Yapay zeka teknolojisinin hızla büyümesi, küresel ölçekte enerji tüketimini ciddi biçimde artırıyor. Bu soruna çarpıcı bir çözüm önerisi getiren Google araştırmacıları, yapay zeka işlem altyapısının uzaya taşınmasını amaçlayan sıra dışı bir proje geliştirdi. Plana göre, Alçak Dünya Yörüngesi’nde güneş panelleriyle donatılmış bir uydu takımyıldızı kurulacak ve bu ağ, yapay zekânın artan enerji ihtiyacını doğrudan Güneş’ten karşılayacak.

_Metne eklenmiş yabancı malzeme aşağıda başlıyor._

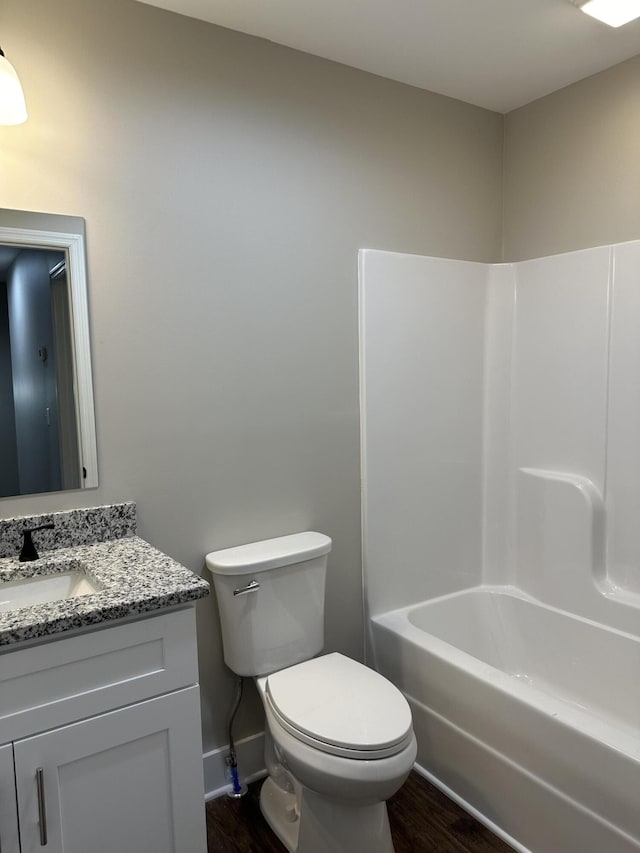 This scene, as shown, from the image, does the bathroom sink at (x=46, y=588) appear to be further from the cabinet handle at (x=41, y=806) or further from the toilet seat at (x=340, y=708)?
→ the toilet seat at (x=340, y=708)

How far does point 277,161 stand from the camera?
2059 mm

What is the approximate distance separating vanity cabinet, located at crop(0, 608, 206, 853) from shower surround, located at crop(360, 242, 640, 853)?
0.94 m

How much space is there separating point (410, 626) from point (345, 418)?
0.83 m

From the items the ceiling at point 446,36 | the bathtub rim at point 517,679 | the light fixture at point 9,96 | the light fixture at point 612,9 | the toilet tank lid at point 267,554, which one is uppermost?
the ceiling at point 446,36

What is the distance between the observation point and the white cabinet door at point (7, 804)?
1204 mm

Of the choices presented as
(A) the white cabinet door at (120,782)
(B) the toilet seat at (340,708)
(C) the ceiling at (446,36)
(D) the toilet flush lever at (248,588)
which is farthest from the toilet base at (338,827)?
(C) the ceiling at (446,36)

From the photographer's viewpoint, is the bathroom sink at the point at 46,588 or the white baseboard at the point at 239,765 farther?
the white baseboard at the point at 239,765

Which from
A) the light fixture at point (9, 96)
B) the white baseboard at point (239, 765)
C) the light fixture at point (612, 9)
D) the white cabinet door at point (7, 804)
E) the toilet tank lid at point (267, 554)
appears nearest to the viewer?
the white cabinet door at point (7, 804)

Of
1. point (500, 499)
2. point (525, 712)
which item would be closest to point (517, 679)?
point (525, 712)

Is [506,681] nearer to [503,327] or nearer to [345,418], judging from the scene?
[345,418]

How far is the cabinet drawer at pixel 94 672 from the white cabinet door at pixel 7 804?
4 centimetres

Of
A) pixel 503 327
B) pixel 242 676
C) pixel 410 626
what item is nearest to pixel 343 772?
pixel 242 676

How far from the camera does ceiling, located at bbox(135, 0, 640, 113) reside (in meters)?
1.81

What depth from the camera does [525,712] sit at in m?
1.77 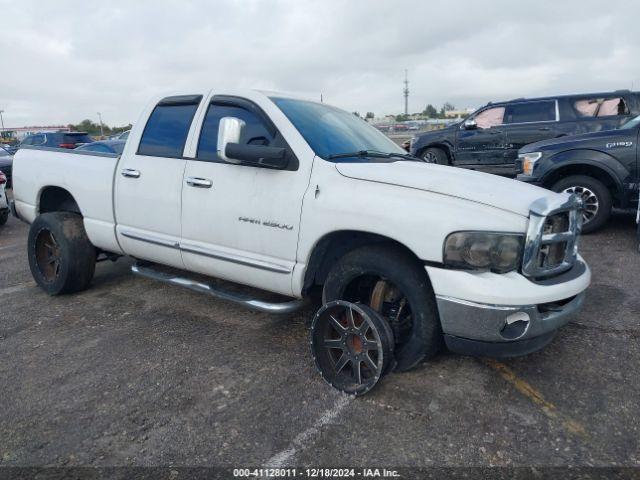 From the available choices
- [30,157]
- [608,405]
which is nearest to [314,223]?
[608,405]

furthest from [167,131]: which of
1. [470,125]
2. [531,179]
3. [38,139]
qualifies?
[38,139]

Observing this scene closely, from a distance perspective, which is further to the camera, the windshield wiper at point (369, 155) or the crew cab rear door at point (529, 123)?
the crew cab rear door at point (529, 123)

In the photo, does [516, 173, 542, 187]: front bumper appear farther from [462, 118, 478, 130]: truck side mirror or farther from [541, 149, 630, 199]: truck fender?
[462, 118, 478, 130]: truck side mirror

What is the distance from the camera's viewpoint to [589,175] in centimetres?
655

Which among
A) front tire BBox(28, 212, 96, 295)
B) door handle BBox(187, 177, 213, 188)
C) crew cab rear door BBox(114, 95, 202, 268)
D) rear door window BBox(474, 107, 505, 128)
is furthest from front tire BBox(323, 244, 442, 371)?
rear door window BBox(474, 107, 505, 128)

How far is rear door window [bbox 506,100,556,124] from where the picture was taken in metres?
9.70

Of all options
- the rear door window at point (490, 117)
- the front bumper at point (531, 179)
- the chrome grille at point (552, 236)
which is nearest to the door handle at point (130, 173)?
the chrome grille at point (552, 236)

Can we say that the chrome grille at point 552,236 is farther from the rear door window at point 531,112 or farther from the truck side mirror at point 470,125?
the rear door window at point 531,112

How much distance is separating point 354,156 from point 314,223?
2.21ft

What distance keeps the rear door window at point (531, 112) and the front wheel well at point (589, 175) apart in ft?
11.5

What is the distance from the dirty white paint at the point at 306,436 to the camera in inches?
92.9

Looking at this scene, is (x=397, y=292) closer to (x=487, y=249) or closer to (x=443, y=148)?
(x=487, y=249)

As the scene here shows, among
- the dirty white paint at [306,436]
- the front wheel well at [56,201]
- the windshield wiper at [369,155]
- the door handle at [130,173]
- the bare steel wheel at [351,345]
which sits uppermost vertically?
the windshield wiper at [369,155]

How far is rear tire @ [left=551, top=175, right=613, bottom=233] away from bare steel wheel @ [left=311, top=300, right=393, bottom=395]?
4.86 meters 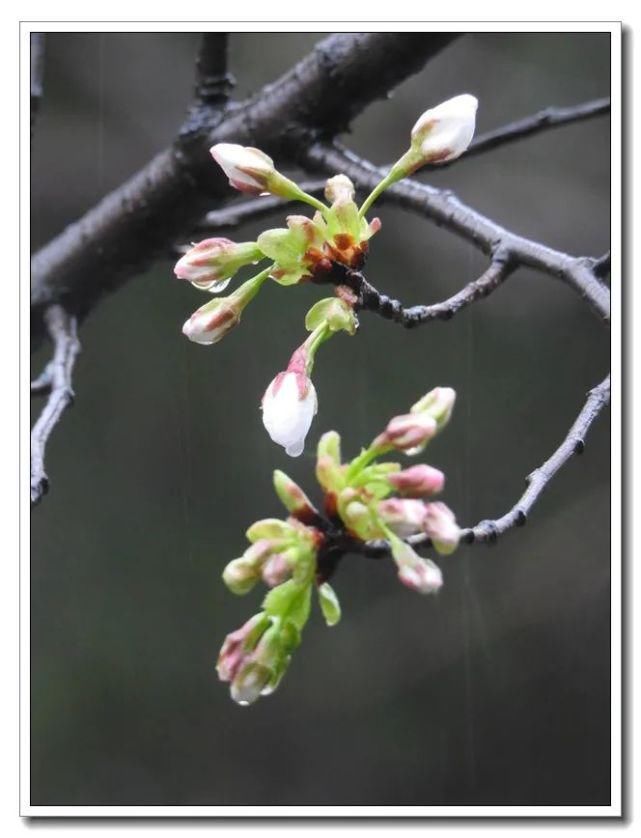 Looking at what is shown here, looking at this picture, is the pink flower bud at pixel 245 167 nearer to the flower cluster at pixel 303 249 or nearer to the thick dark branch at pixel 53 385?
the flower cluster at pixel 303 249

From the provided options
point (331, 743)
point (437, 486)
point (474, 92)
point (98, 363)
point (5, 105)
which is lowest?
point (331, 743)

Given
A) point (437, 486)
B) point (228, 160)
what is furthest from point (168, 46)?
point (437, 486)

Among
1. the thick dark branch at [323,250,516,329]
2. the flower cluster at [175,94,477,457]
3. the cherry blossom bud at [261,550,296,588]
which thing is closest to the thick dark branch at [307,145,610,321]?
the thick dark branch at [323,250,516,329]

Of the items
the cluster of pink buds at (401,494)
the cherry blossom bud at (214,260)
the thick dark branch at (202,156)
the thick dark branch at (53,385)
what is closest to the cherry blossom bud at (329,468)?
the cluster of pink buds at (401,494)

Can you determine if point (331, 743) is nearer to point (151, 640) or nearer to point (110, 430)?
point (151, 640)

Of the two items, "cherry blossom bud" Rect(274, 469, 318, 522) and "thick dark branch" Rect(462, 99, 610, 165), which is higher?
"thick dark branch" Rect(462, 99, 610, 165)

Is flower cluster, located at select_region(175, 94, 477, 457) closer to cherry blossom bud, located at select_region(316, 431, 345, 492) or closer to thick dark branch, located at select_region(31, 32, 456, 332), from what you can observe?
cherry blossom bud, located at select_region(316, 431, 345, 492) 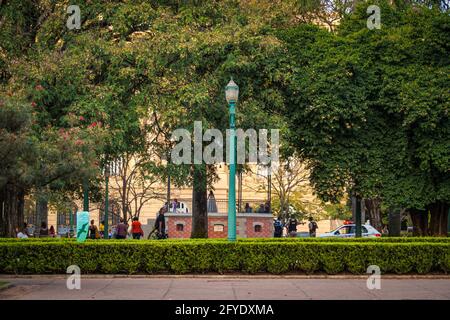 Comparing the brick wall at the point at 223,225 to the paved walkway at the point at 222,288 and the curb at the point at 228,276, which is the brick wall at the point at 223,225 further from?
the paved walkway at the point at 222,288

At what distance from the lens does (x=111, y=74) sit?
29.4 meters

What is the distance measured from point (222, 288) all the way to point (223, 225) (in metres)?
22.1

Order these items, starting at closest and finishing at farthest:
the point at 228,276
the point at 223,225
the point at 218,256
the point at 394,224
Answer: the point at 228,276
the point at 218,256
the point at 394,224
the point at 223,225

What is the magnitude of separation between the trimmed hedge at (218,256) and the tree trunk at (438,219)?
10.6 meters

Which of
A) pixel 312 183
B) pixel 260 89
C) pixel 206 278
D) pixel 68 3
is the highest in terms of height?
pixel 68 3

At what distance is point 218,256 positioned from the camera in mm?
22359

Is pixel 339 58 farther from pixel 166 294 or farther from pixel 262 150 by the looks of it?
pixel 166 294

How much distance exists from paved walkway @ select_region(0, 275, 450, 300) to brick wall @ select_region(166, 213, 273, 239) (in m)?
18.7

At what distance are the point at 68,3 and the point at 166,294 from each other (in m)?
16.0

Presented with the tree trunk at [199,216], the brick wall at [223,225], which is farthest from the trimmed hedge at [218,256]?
the brick wall at [223,225]

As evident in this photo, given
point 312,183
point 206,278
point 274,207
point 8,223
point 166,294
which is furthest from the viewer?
point 274,207

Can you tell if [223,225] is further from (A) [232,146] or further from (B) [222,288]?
(B) [222,288]

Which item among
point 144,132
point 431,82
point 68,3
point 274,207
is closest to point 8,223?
point 144,132

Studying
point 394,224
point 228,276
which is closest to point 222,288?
point 228,276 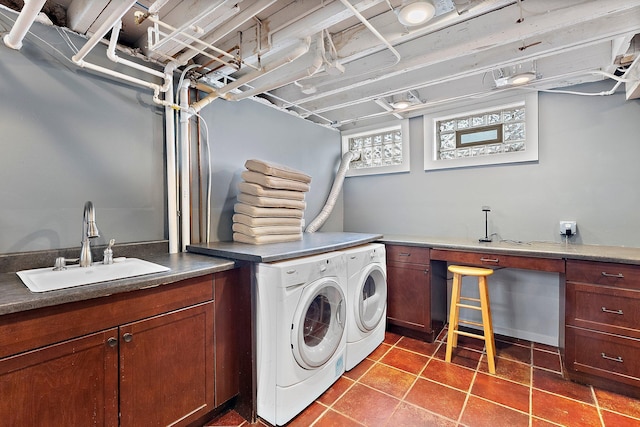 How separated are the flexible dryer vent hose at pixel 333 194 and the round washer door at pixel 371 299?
0.95 metres

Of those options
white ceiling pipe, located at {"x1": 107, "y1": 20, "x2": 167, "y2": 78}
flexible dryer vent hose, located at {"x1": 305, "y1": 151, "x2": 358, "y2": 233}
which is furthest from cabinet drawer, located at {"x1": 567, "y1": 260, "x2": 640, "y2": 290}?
white ceiling pipe, located at {"x1": 107, "y1": 20, "x2": 167, "y2": 78}

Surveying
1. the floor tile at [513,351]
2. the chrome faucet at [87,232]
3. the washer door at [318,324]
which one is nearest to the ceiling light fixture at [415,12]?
the washer door at [318,324]

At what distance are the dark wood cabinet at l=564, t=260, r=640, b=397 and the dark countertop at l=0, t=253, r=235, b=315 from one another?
229 centimetres

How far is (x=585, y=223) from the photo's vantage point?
2424mm

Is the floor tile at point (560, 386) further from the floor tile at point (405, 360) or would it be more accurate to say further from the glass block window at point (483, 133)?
the glass block window at point (483, 133)

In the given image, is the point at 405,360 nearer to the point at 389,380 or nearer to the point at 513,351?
the point at 389,380

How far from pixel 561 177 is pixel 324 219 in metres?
2.20

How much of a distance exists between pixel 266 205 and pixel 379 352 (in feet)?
5.06

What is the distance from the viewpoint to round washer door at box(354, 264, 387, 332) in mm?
2248

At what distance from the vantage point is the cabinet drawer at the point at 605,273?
6.02 feet

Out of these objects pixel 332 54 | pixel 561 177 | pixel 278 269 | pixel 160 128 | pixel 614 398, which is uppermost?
pixel 332 54

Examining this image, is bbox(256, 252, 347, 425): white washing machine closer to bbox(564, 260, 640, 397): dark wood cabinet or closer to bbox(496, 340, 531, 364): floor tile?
bbox(496, 340, 531, 364): floor tile

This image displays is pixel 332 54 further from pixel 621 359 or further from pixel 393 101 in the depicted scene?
pixel 621 359

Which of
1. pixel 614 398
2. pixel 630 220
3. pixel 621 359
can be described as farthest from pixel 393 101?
pixel 614 398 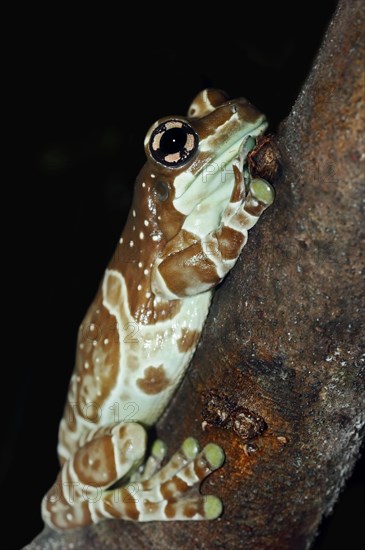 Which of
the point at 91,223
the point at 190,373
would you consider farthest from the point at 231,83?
the point at 190,373

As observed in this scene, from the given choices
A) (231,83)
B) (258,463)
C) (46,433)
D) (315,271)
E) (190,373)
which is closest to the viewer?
(315,271)

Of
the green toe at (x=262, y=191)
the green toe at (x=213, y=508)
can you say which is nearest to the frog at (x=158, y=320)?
the green toe at (x=213, y=508)

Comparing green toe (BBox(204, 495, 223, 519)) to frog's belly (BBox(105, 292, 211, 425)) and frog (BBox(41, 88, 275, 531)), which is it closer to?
frog (BBox(41, 88, 275, 531))

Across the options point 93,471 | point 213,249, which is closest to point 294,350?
point 213,249

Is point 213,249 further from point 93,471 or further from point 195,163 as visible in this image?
point 93,471

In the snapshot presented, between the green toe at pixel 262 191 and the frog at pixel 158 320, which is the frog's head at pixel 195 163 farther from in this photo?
the green toe at pixel 262 191

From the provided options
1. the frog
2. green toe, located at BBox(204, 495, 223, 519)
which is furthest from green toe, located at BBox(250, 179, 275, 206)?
green toe, located at BBox(204, 495, 223, 519)

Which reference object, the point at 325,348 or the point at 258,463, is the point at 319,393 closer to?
the point at 325,348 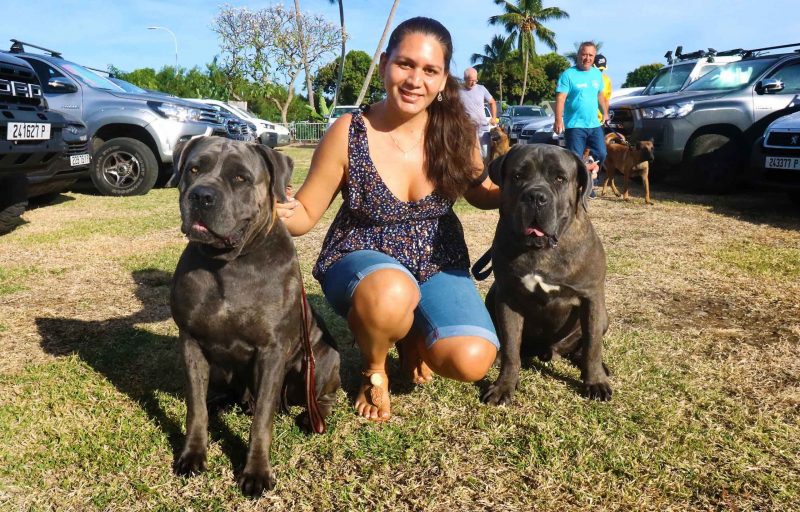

KÜÇÜK UYDU TAKIMYILDIZI, YÜKSEK PERFORMANSLI İŞLEM GÜCÜ SAĞLAYACAK
Üretken yapay zeka modellerinin yükselişi, mevcut veri merkezlerinin işlem kapasitesini zorlayarak enerji talebini rekor seviyelere taşıdı. Google’ın önerdiği mimari, tek bir büyük uydu yerine daha esnek bir çözüm olan küçük uydu kümelerine dayanıyor.
Bu uydular:
-
Google Tensör İşlem Birimleri (TPU) ile donatılacak,
-
gün doğumu–gün batımı senkron yörüngeye yerleştirilecek,
-
kesintisiz güneş enerjisi alarak çalışacak.
Bu sayede uydular, karasal veri merkezlerinin karşılaştığı enerji kesintisi ve soğutma sorunlarına maruz kalmayacak.
TERABİT HIZLARA ULAŞACAK
Projenin en kritik unsurlarından biri uydular arası veri iletişimi. Google, karasal veri merkezlerinde çip kümeleri arasında bulunan bağlantılara eşdeğer, terabit seviyesinde iletişim hızları amaçlıyor. Bu yüksek hızın sağlanması için:
-
uyduların birkaç yüz kilometreden daha yakın konumlanması,
-
serbest uzay optiği (lazer iletişimi) kullanılması,
-
yapay zekâ destekli hassas formasyon uçuşu geliştirilmesi
gerekiyor. Bu teknoloji, mevcut uydu iletişim kabiliyetinin çok ötesinde bir kapasite sağlayacak.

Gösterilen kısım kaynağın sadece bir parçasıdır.